Astonishingly, the government’s white paper on Britain’s exit from the EU makes no mention of any legacy financial liability. While May understandably does not wish to show her hand in detail before the negotiation, the failure to acknowledge any charge for ongoing programs and commitments is setting the public up for a shock. All the more so since Brexit campaigners infamously promised voters that £350 million would be coming home every week to bolster the ailing National Health Service.
The only reference to payments in the 79-page official document comes in paragraph 8.51 on page 49: “As we will not be members of the single market, we will not be required to make vast contributions to the EU budget. There may be European programs in which we might want to participate. If so, it’s reasonable that we should make an appropriate contribution. But this will be a decision for the U.K. as we negotiate the new arrangements.”
That’s a far cry from expecting a multi-billion-euro bill for ongoing liabilities, some of which Brussels calculates will last another decade or more, involving investment projects which the U.K. approved in long-term EU financial plans well before the June 2016 vote to leave.
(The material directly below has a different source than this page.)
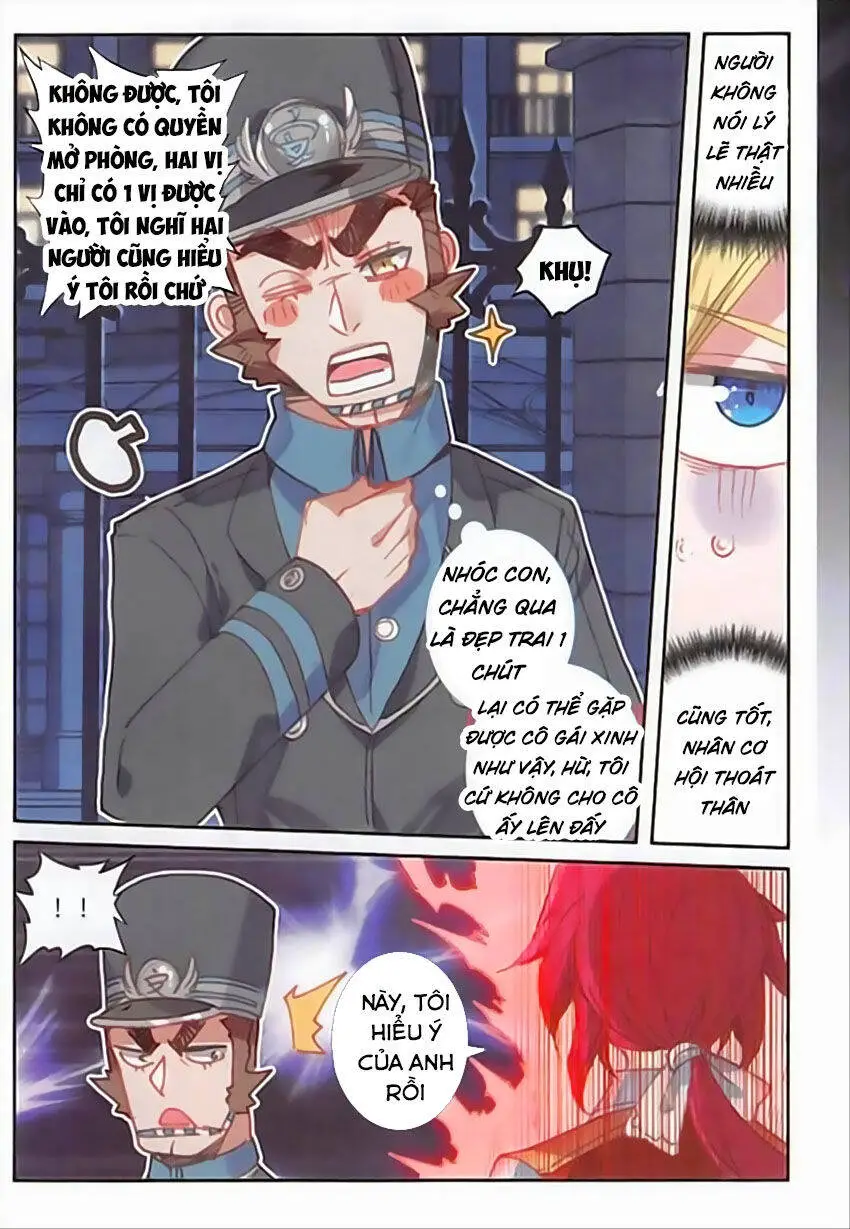 Băng Hỏa Ma Trù Nettruyen ZZZ Chương 70 Page 24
As former Prime Minister John Major said on February 27: “The bill will be substantial. Billions, not millions, and very unpalatable. It will come as a shock to voters who were not forewarned of this even in the recent white paper… When you leave any club, you’re obliged to settle your debts, and that is what the EU is going to expect the U.K. to do.”
Restaurant or club analogies have their limits, of course. After all, Britain partly owns the club, and diplomats say Barnier is now willing to accept that the U.K.’s share of EU assets should be offset against its left-over liabilities in the exit bill, which could be paid off over several years.
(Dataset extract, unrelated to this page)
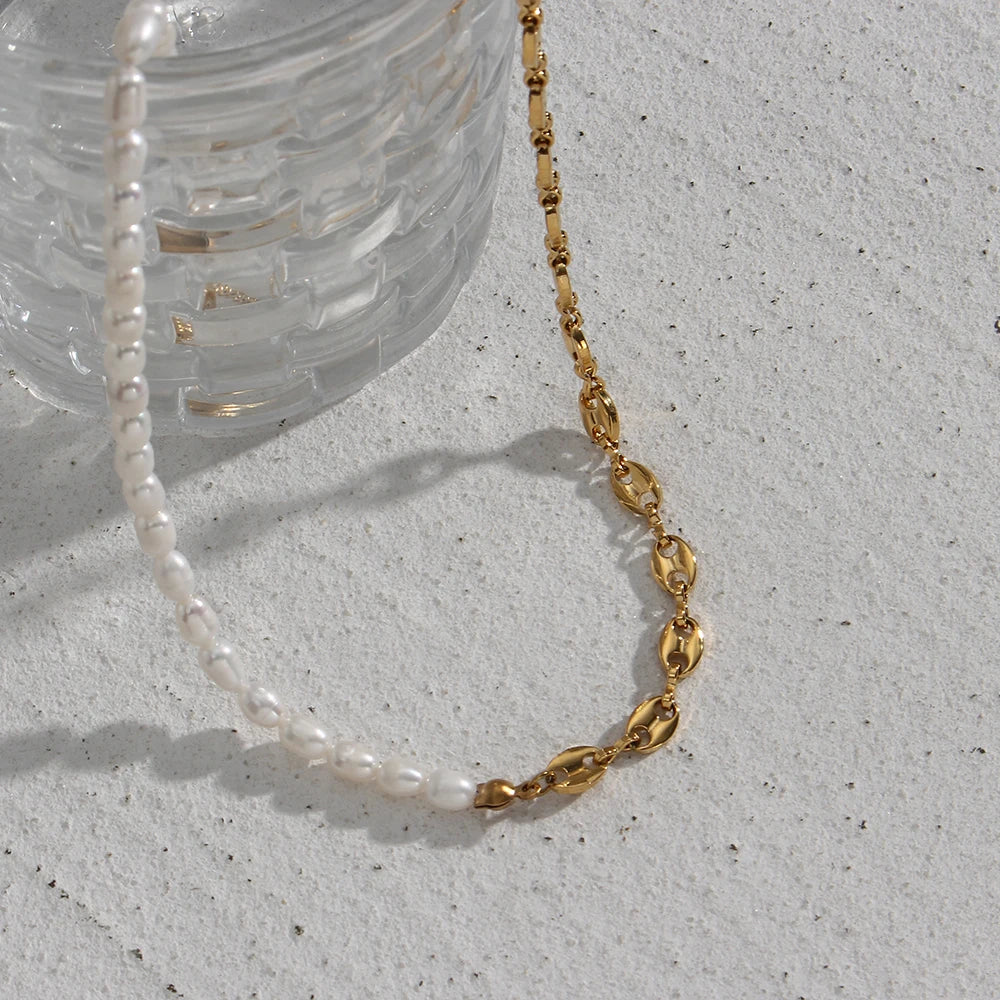 Dual Pearl Necklace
But some member states are pushing back against this approach ahead of a decision by the other 27 EU leaders in April on his negotiating mandate. “On this point, Barnier is not the toughest guy in town. He understands that money is a very sensitive issue and if you overdo it, you’re running quite a risk of a walkout,” one senior continental diplomat said, noting that British public reaction to the reported exit bill had been muted so far.
May, who endorsed the Remain camp in the referendum but kept her head down, appears to be cornered politically by supporters of a hard Brexit in her Conservative party and the media. She has been unable to stop Foreign Secretary Boris Johnson gratuitously offending her negotiating partners, as he did before an audience of international policymakers at the Munich Security Conference by depicting Brexit as a “liberation” from the tyranny of EU customs rules.
Johnson’s comment, and his previous comparison of French President François Hollande to a Nazi prisoner-of-war guard inflicting “punishment beatings,” illustrate the degree to which nationalist one-upmanship has blinded the British to the realities of the negotiations.
After six months of inwardly focused wrangling on the U.K.’s Brexit wishlist with scant reference to the legal and political reality across the Channel, the British government is set to start the talks with delusional public expectations of a best-of-all-worlds trade deal at little or no cost, with strict immigration controls and no role for the European Court of Justice.
Things are unlikely to go smoothly. After a few months of shadow boxing and deadlock at the table, May will have to choose between admitting to the British people that she and the Brexit campaigners misled them on the bill and on future trade ties — or creating a political firestorm to disguise the unpalatable choices facing the U.K.
Like Greek Prime Minister Alexis Tsipras, who used national pride to persuade his countrymen in a 2015 referendum to reject the creditors’ bailout terms, only to turn on a dime and accept a climbdown within weeks with a fresh electoral mandate, May might need her moment of hollow defiance before she writes the inevitable check to Brussels.